### WHAT TO DO
Set down the listing exactly as given, minus images.

### GIVEN DATA
↓↓↓
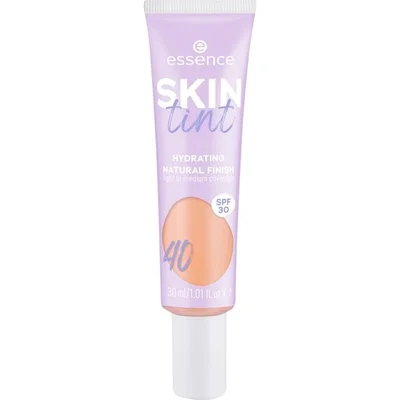 Essence 40 Skin Tint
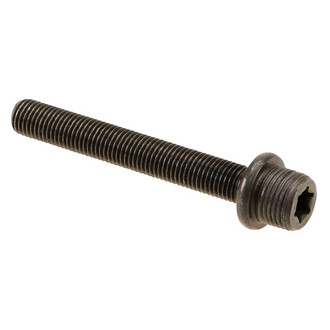 Genuine® - Timing Sprocket Bolt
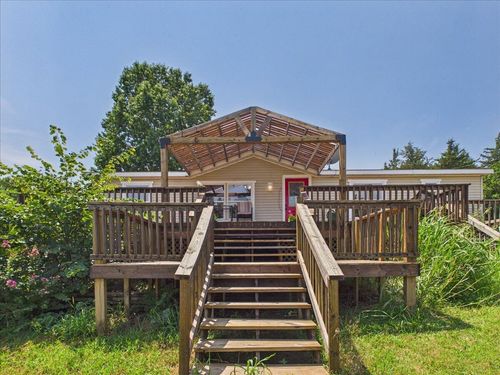 19694 County Road 258, Wheatland, MO, 65779-7353 | Card Image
↑↑↑
### RESPONSE TO THE TASK
 Essence 40 Skin Tint
 Genuine® - Timing Sprocket Bolt
 19694 County Road 258, Wheatland, MO, 65779-7353 | Card Image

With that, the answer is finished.